1. The Commonwealth presented evidence to show that Leach, after apprehending the minor and confiscating the purchased beer, informed an employee of the defendant's liquor store that he intended to submit a
report to the liquor licensing commission. That same night the defendant made such repeated efforts to speak with Leach that Leach became suspicious of him, scheduled a meeting at the police station, and arranged to have a fellow officer secrete himself in an adjoining room where he could observe and hear Leach and the defendant. At this meeting a short time after the illegal sale, the defendant asked Leach if anything could be done, if Leach would return the confiscated beer to him, and if he could have Leach's report. The defendant took money from his wallet, and when Leach told him that he did not want it and to put it back, the defendant offered Leach a larger amount. The defendant testified that when he asked Leach if anything could be done, Leach rubbed his thumb and first two fingers together, an act which the defendant interpreted as a request for money; when the defendant first offered Leach money, he did not increase the amount until after Leach stated that other officers were involved, thereby implying that the original offer was insufficient. Entrapment presents to the fact finder the issue whether the defendant was predisposed to commit the crime charged. Commonwealth v. Harvard, 356 Mass. 452 , 459-461 (1969). Commonwealth v. Miller, 361 Mass. 644 , 650-651 (1971). It was for the judge to weigh the defendant's credibility, Commonwealth v. Heffernan, 350 Mass. 48 , 53, cert. denied, 384 U.S. 960 (1966); Commonwealth v. Kaste, 4 Mass. App. Ct. 589 , 591-592 (1976), and it is obvious that he rejected the bulk of the defendant's testimony. With this in mind, the present case is disposed of by the holdings in Commonwealth v. Lozano, 5 Mass. App. Ct. 872 , 873 (1977), and the cases cited therein. The fact that Leach and his fellow officer might have intended to gain evidence against the defendant was irrelevant. The recited evidence was sufficient to sustain the Commonwealth's burden of proving the defendant guilty of the crime charged. See Commonwealth v. Harvard, 356 Mass. at 460; Commonwealth v. Miller, 361 Mass. 652 , 660; Commonwealth v. Lozano, 5 Mass. App. Ct. at 873. See also Sorrells v. United States, 287 U.S. 435, 448-450 (1932); Tzimopoulos v. United States, 554 F.2d 1216, 1216-1217 (1st Cir.), cert. denied, 434 U.S. 851, 852-853 (1977).

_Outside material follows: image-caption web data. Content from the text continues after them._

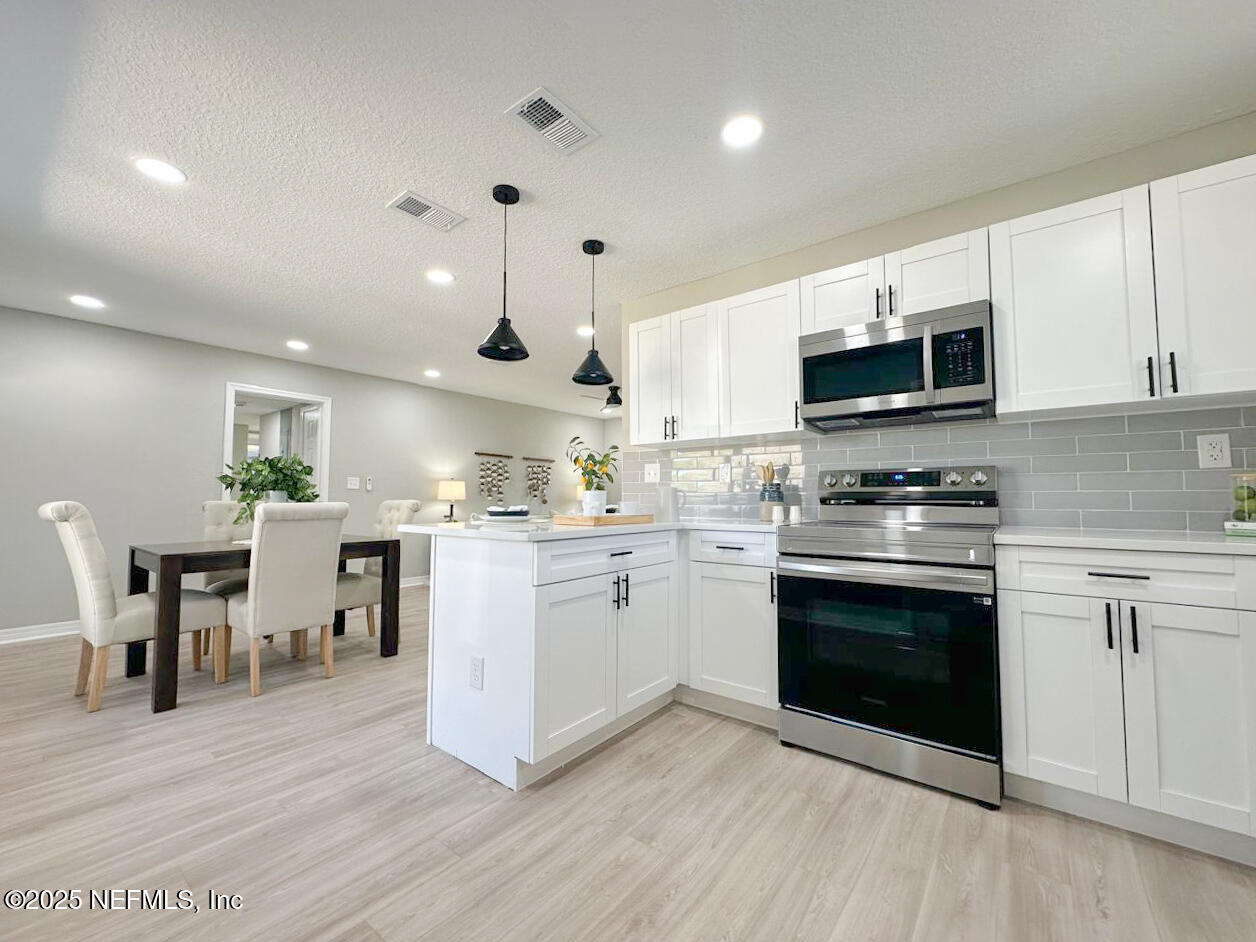 1336 Morgana Road Jacksonville, FL 32211 - Photo 1 of 36 a kitchen with granite countertop a stove top oven a sink dishwasher a dining table and chairs with wooden floor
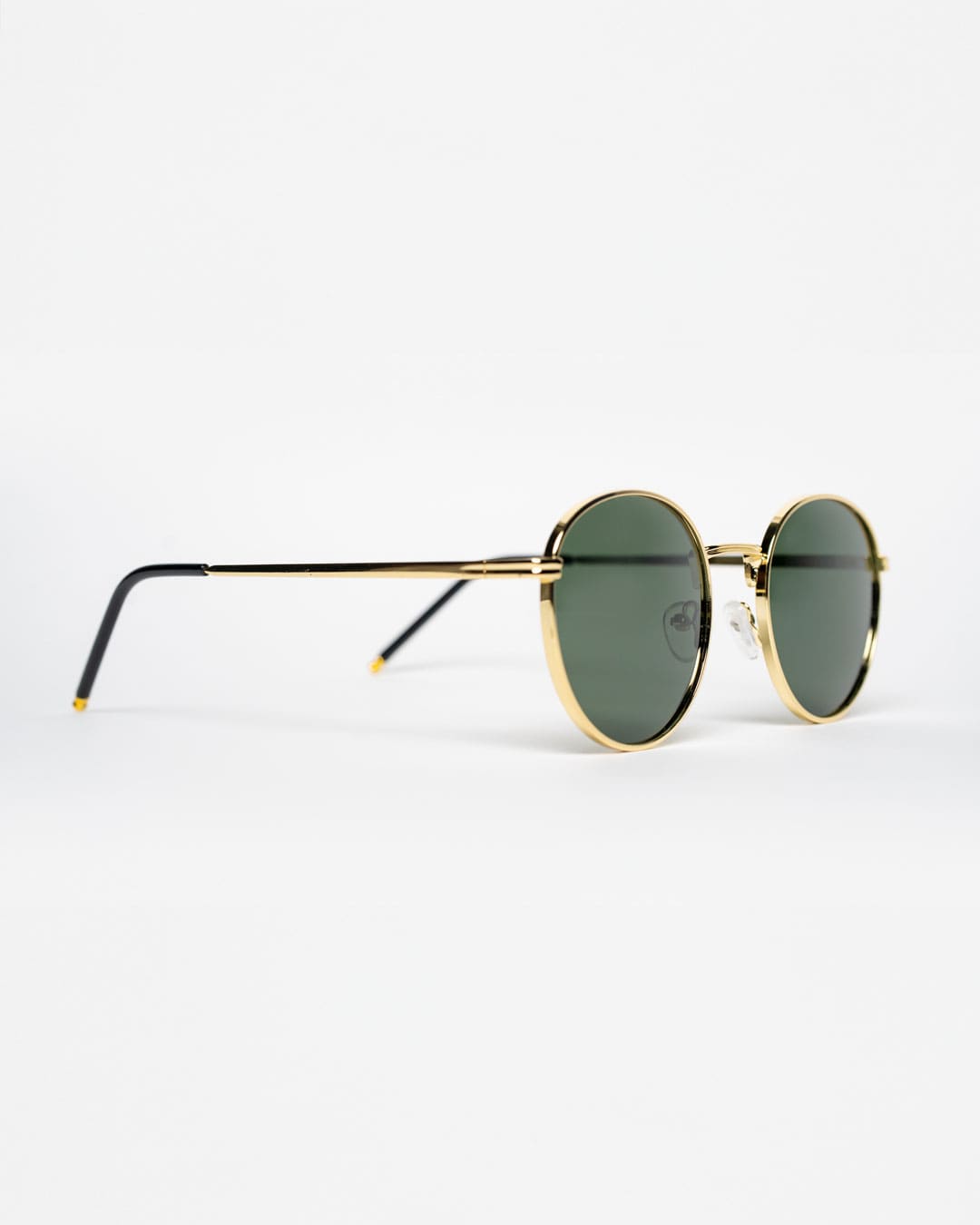 side view of round sunglasses with a gold metal frame and polarised forest green lenses
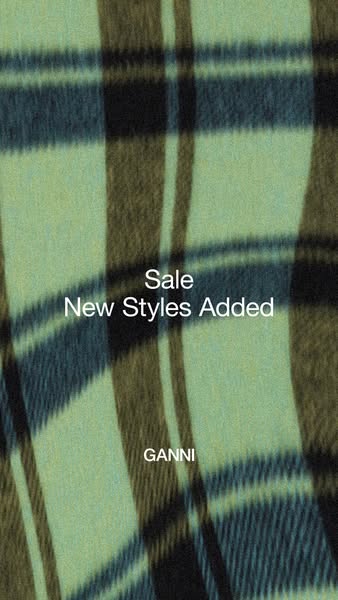 This image ad for GANNI features a close-up shot of a plaid fabric with the text "Sale New Styles Added" and t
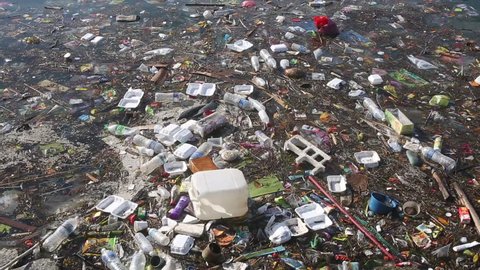 Plastic bottles and other trash floating in polluted ocean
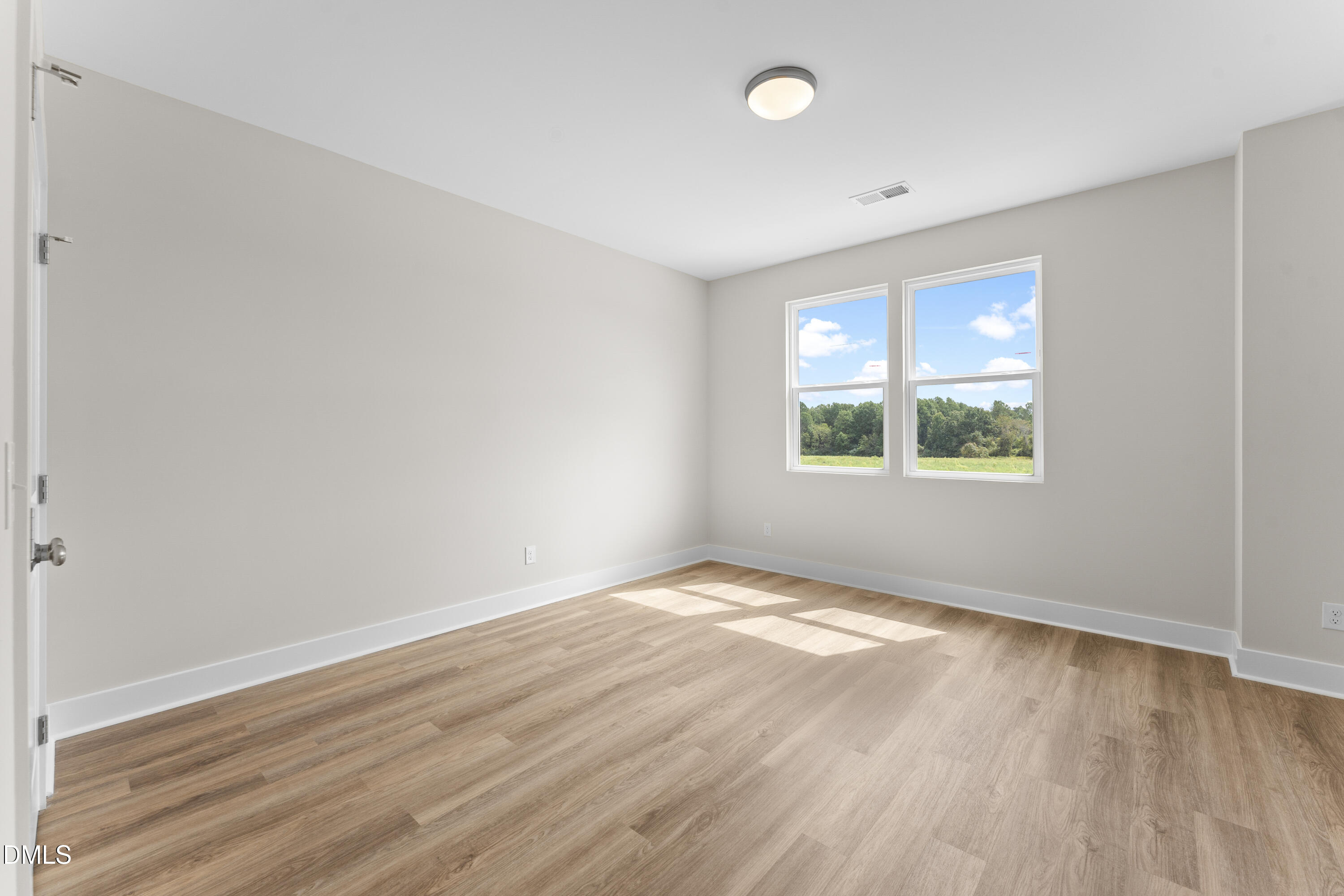 7628 New Sandy Hill Church Road Sims, NC 27880 - Photo 29 of 46 an empty room with wooden floor and windows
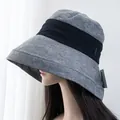 Detailed view of gray woven linen sun hat with black decorative ribbon and wide brim - Adjustable / Green Gray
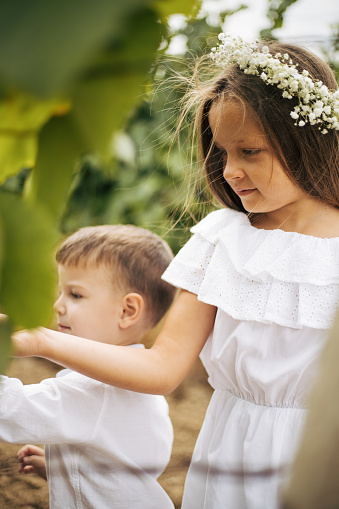 White T-shirt andmdresses, all in amazing and beautiful family atmosphere. Children with big smiles and positive energy making vineyard look as heaven on Earth. Mother is always there to make everything even better. With flowers on girls head.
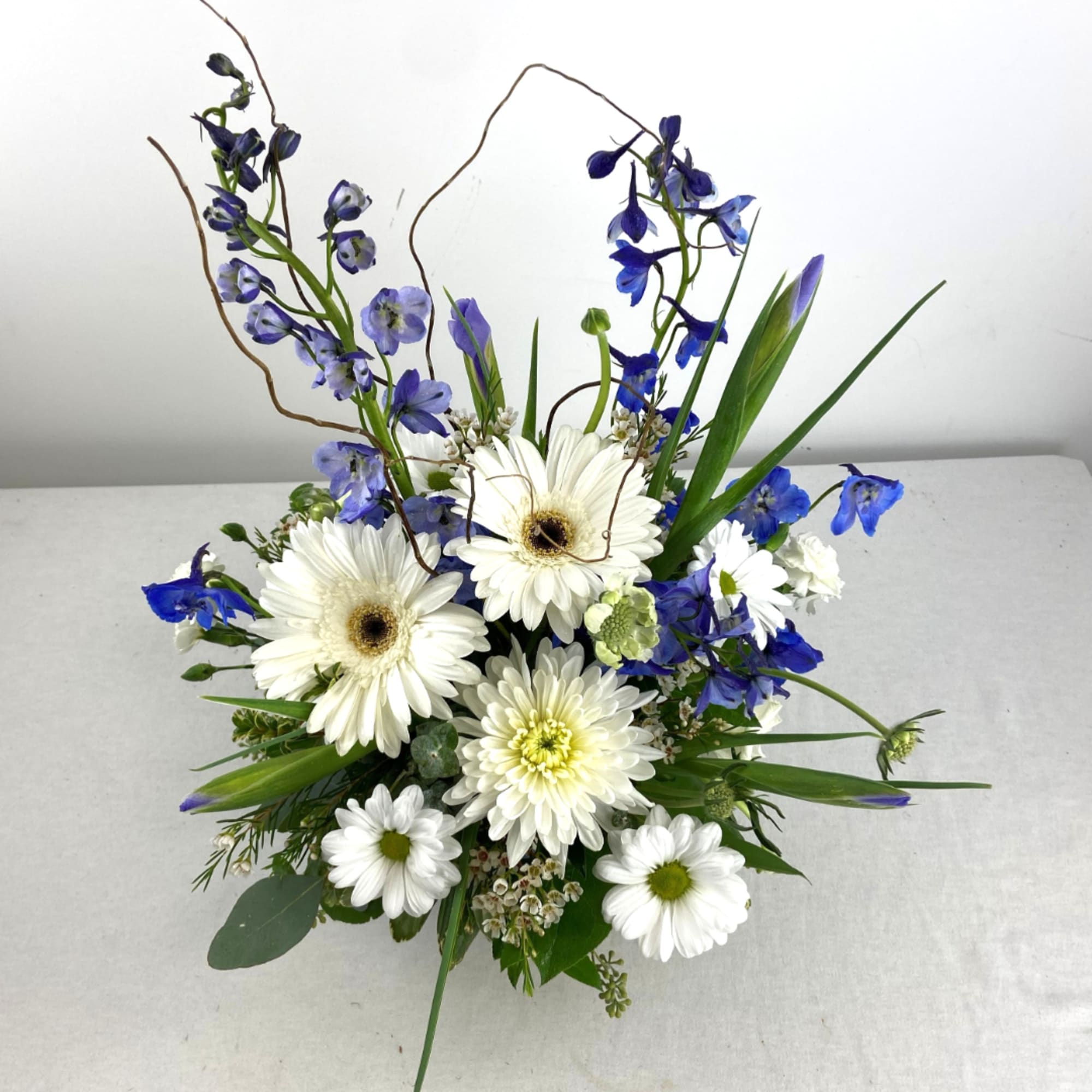 White daisies and blue flowers arranged in a low bouquet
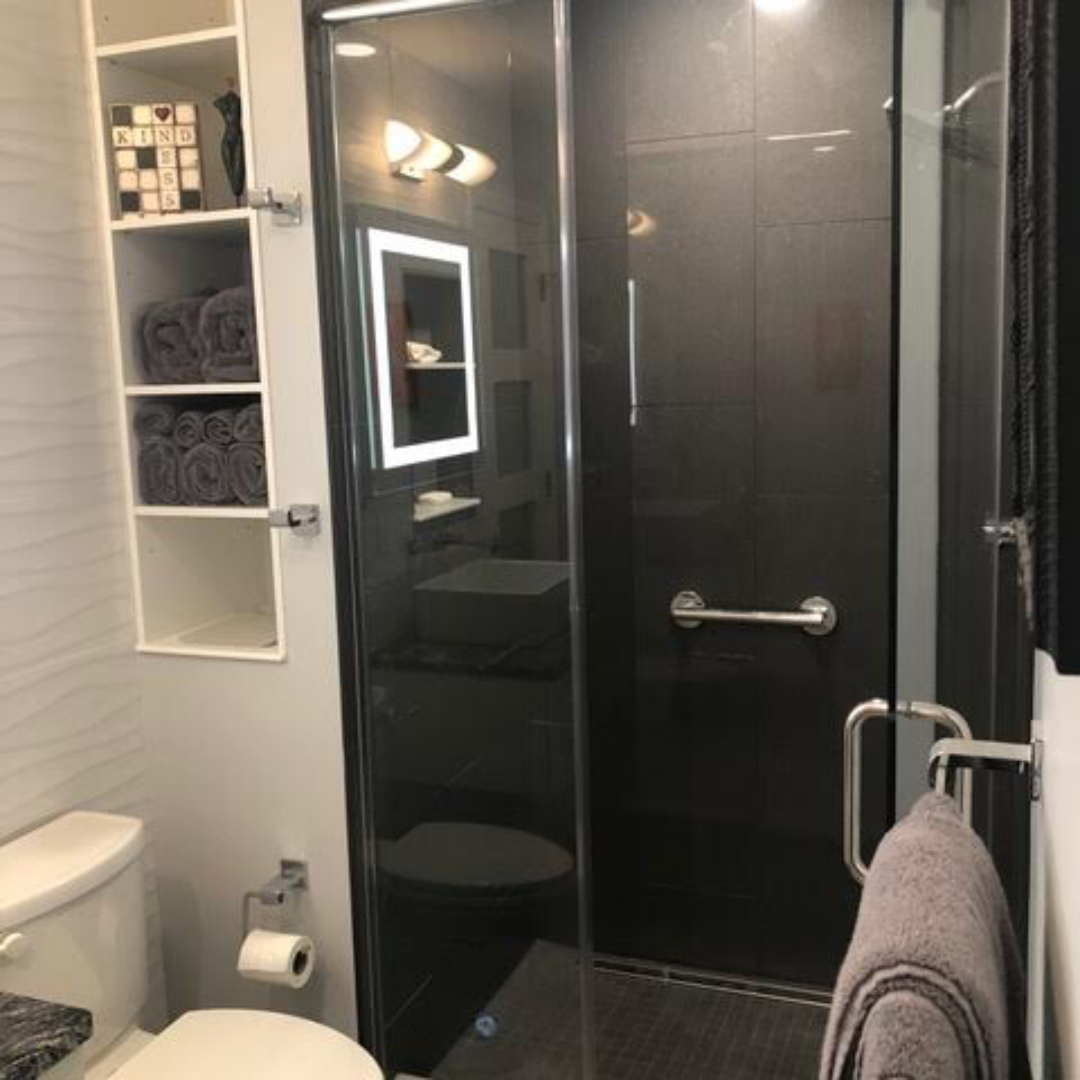 Contemporary bathroom, black tiles, shelves, toilet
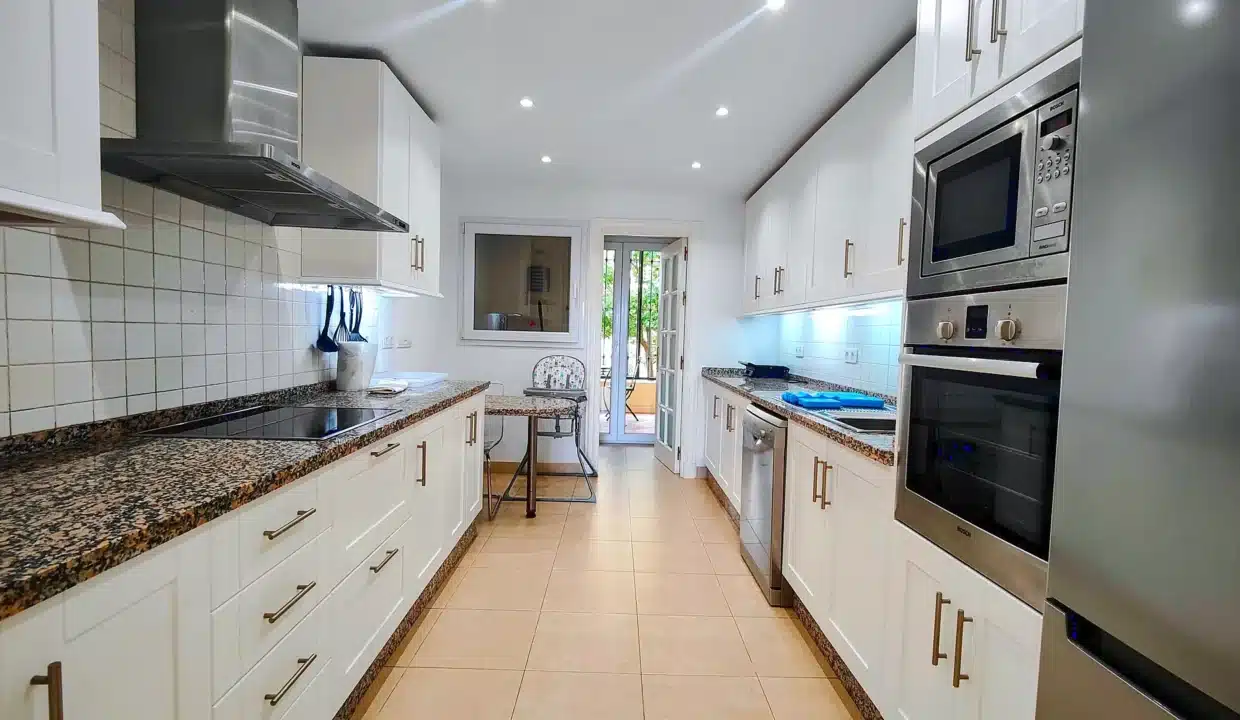 Cocina blanca alargada con encimeras de granito – apartamento en alquiler, Majestic Hills, Casares (ref. AL014)
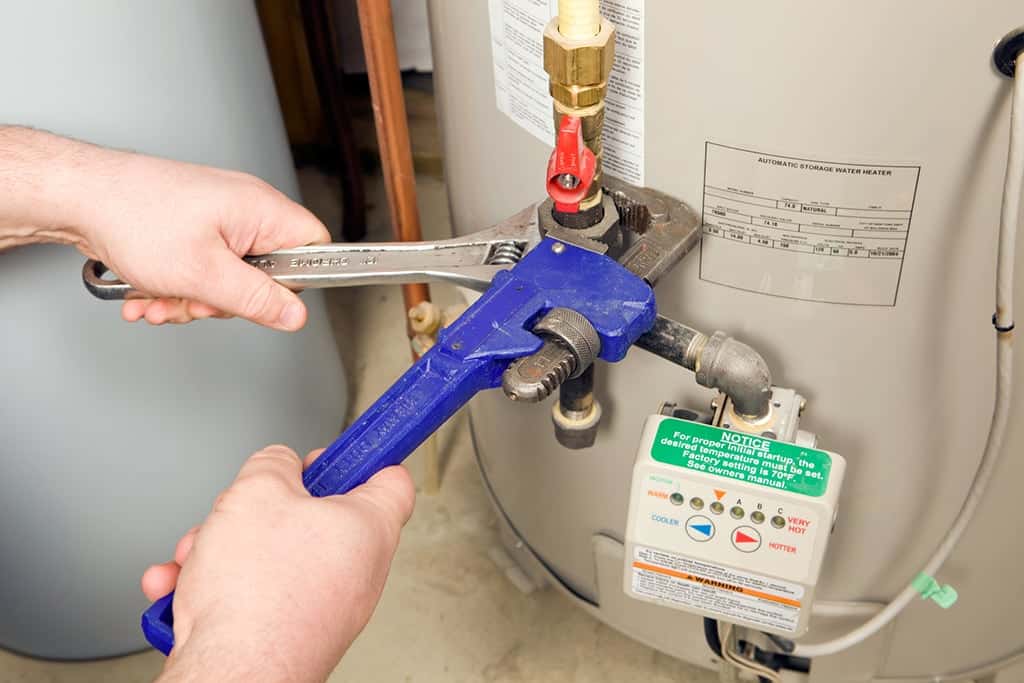 plumber getting ready to flush a water heater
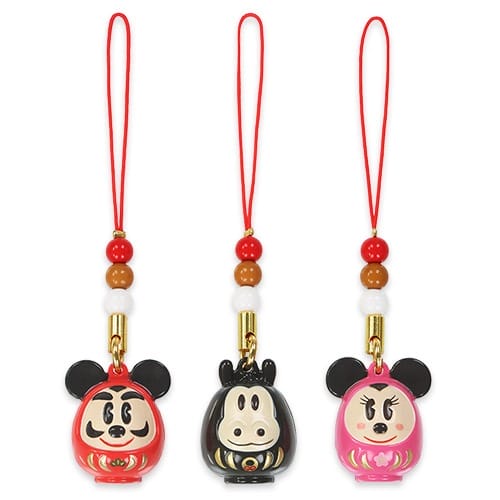 Three Daruma-style charms of Mickey, Oswald, and Minnie from Tokyo Disney Resort’s 2026 set; no castles pictured to compare.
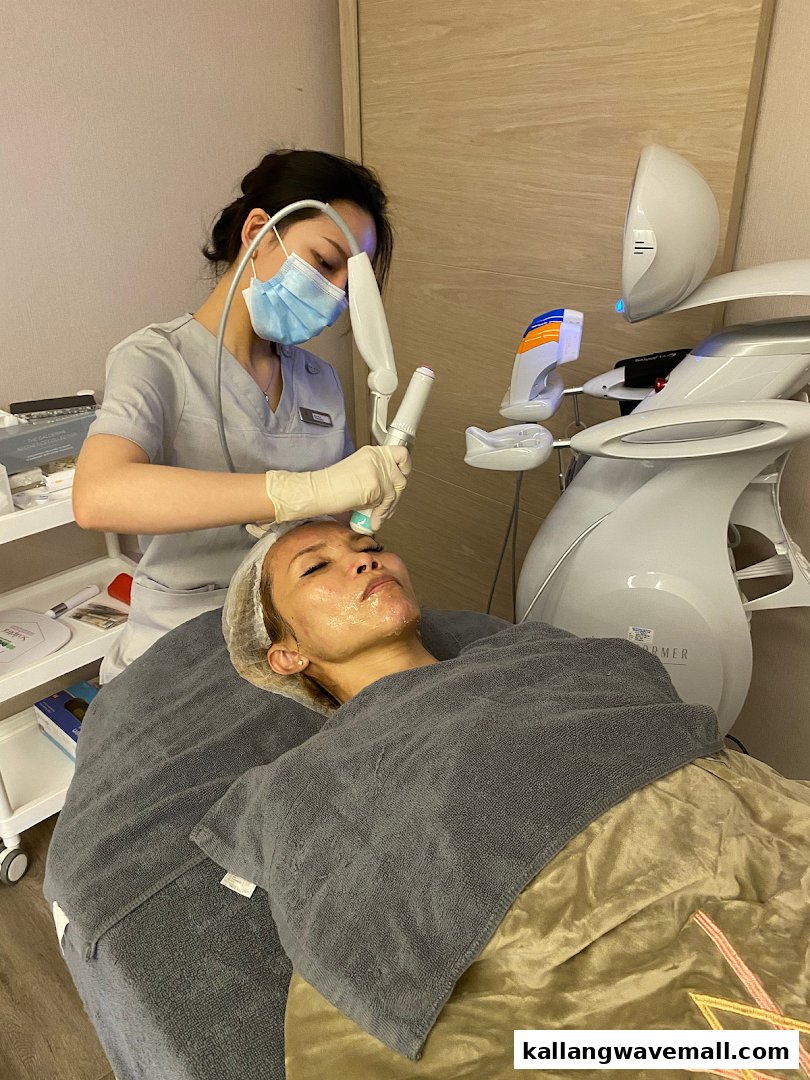 A technician performs a facial treatment on a client using advanced aesthetic equipment at Venusia Medical Aesthetics Clinic.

2. The facts that the minor had been apprehended, the beer confiscated, and the report written before the defendant approached Leach do not preclude the defendant's conviction on the basis that at the time of the offer it was impossible for Leach to alter the course or outcome of any administrative action against the defendant's liquor store. See e.g., Commonwealth v. Albert, 307 Mass. 239 , 244 (1940); Commonwealth v. Mannos, 311 Mass. 94 , 112 (1942). These cases are inapposite, as they stand for the proposition that when the desired act has already been performed at the time the bribe is made, that act cannot be the result of corrupt influence. But see Kemler v. United States, 133 F.2d 235, 238 (1st Cir. 1942). In this case, it places no strain on the facts or the law to conclude that when the defendant sought to obtain the evidence or the report,
or both, it was still possible for Leach to alter the course or the outcome of the intended administrative action. See Commonwealth v. Schoening, 379 Mass. 234 , 241 (1979); Commonwealth v. Kaste, 4 Mass. App. Ct. at 590-592.